Need for land records modernization

Need for land records modernization
Jun 2018 , by , in Property Talk

Land is a controversial subject globally. In India on an average land disputes take twenty years to resolve. Thus, there is a dire need for standardization and digitisation of land record system across the country.

A land’s value depends on its location and people with land rights are better off economically due to access to market opportunities by capitalizing, mortgaging or making productive use of the land. The land ownership is broadly defined by the access to a clear land title determined through various records such as sale deeds that are registered, property tax documents, government survey records, etc. However, lack of clear titles due to legacy issues of zamindari, gaps in the legal framework and poor administration of land records reduce the value of the land and inhibit its productive use. Land disputes further impact sectors and projects that are dependent on these disputed land titles.

According to the World Bank study from 2007 estimates, land-related disputes account for two-thirds of all pending court cases in the country. A NITI Aayog paper suggests that land disputes on average take about 20 years to be resolved.

Land titles are presumptive

Post-independence the zamindari system was abolished and the responsibility for land administration was transferred to the states. but land ownership continued to be determined through a combination of legacy system and the records collected and maintained manually by the state revenue departments. Land records are maintained across multiple departments and are in poor condition.

The transfer of land or property between a buyer and seller is recorded through a registered sale deed. But, such registration does not always guarantee ownership as they can be challenged. The onus of checking the validity of the rightful ownership of the property is on the buyer and not on the government.
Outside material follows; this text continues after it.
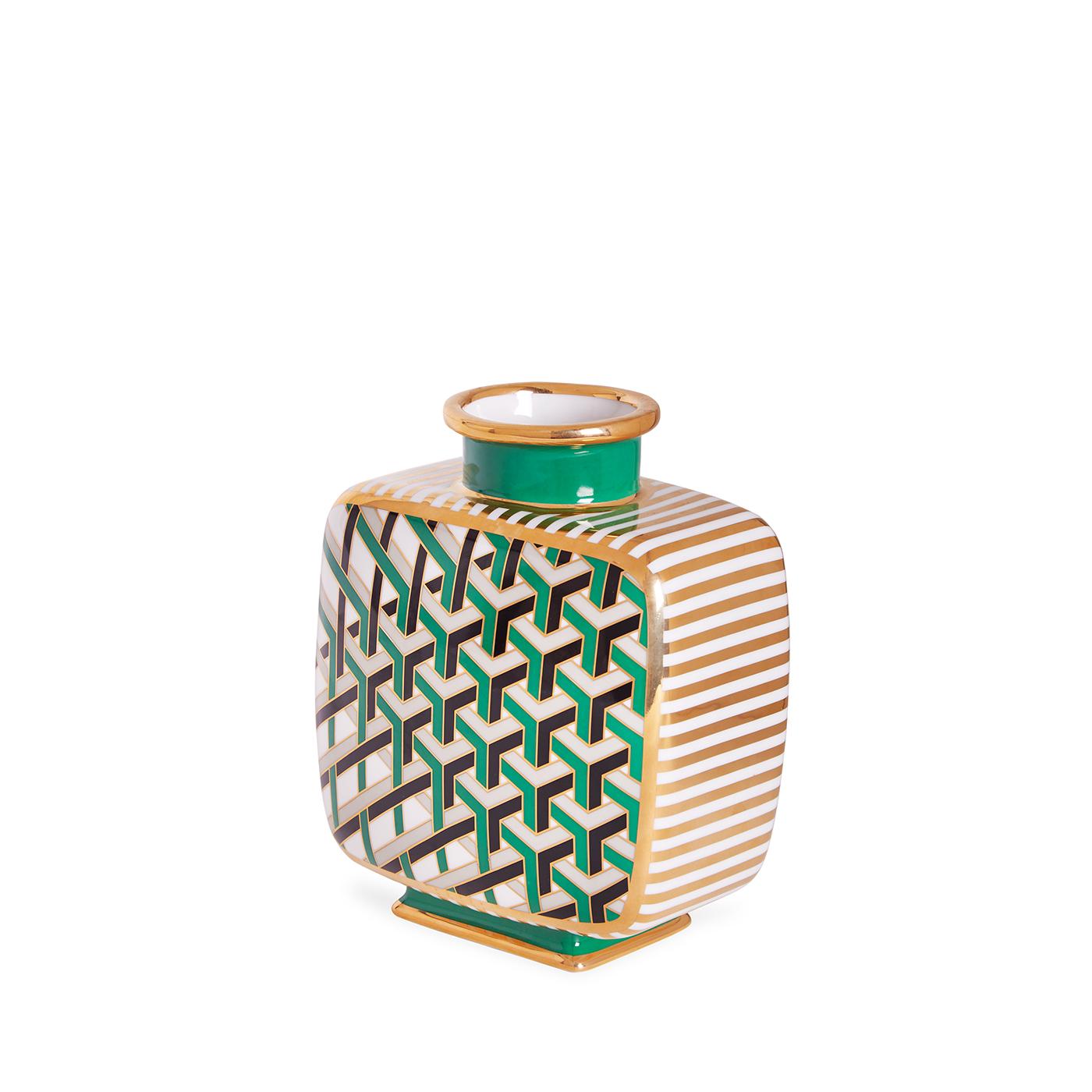 Versailles-Porzellan- Maze-Vase (Moderne) im Angebot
Gaps or mistakes in old land records, unrecorded past transactions and inability of the registrar to physically cross-check every property physical location and attributes are some of the factors that make it easy to question the ownership.

It is important that the process of digitisation be accompanied by updating of legal framework and capacity building at state and lower administrative levels.

Need to Standardize Land Record System

It is easy to challenge land in the absence of organised records, especially land ownership. According to the World Bank, 70 per cent of land and property in the developing world is unregistered and is outside formal markets. It is to be noted that land has been transacted in India for thousands of years and there is an evolved system to do it. However, digitisation of land records and standards, will vastly improve the ease of doing business.

Sunil Agarwal, Associate Dean and Director, School of Real Estate, RICS School of Built Environment, Amity University briefs on the newly launched International Land Measurement Standard (ILMS),  part of a global solution to standardising land tenure and ownership that could be the key to helping India move to a transparent, fair and secure land transfer system.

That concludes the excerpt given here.